In the early years of OpenStreetMap, it was easy to just do it. If you had an idea and energy, there was nothing but space to try things out. After 15 years, OSM has grown enormously, accreted data, communication channels, cultural practices and history, and its harder to see ideas through to actualization. There’s still no shortage of inspiration, as the ideas in the survey show. How can we cultivate the space to make it easy to just try things out again?

To name a few ideas that stuck out for me: annual reports, grants, “twinning” chapters, individuals who “bridge” communities, community building training, informal planned live chats between communities.

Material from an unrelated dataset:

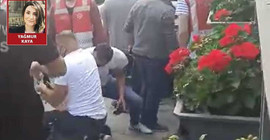 'Kelepçesiz çıkarılan saldırgan polisin şefkatli kolları arasında'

Exciting and exhausting. It’s takes energy for all these things. Take one example: microgrants. The jury is out on whether this will help build community or not, but that’s certainly the intention. The OSMF Board have wanted to do this for years. We’re actually fairly close to launching this finally, but it’s taken so long.

In the middle of reviewing the responses, I had to do something, so I built an interactive map from of the OSM Community Index. Yet another map solves nothing, but satisfying to see our presence across the globe, and think about better ways to share what’s happening between us.

Excited to talk about this all in Heidelberg! Especially think the Local Chapter Congress can be a place to pick up some of these topics.

from Heather

OSMF should consider a community engagement plan to further delve into the needs of the ‘community of communities.’ There is a large potential to, with a data-enabled process, make some ‘light-touch’ adjustments to improve the health of the network. This should be done in consultation with the various groups across OSM. We need to buid on activities, events, and surveys to a more inclusive, distributed plan.

from Frederik

Browsing through the answers we got here, I see a serious need for arbitration in the future. The issues people want prioritized are often contrary – one person wants more of something, the other wants to ban the same thing altogether. There are many issues on which the OSMF hasn’t defined for themselves a clear standpoint, and for good reason – because even without a survey it was clear that opinions differ greatly. Many people seem to expect things from the OSMF that would far exceed its current, established mandate. Does that mean the OSMF should expand its influence – or have those who want the OSMF to stand back and shut up simply not participated?

from Tobias

The survey responses seem to demonstrate a considerable appetite for a more unified OSM community communication platform. At the same time, they also make it clear that we often look for very different things in communication channels, and that preferences regarding the existing ones also vary wildly between contributors, making this a challenging situation for our project. I believe it’s important to continue improving OSM’s own communication platforms, which might mean technological updates as well as working on our social dynamics. Our goal should be spaces that people enjoy visiting and productively contributing to. If we succeed in this effort, we might even win over some contributors who currently choose to use third-party tools.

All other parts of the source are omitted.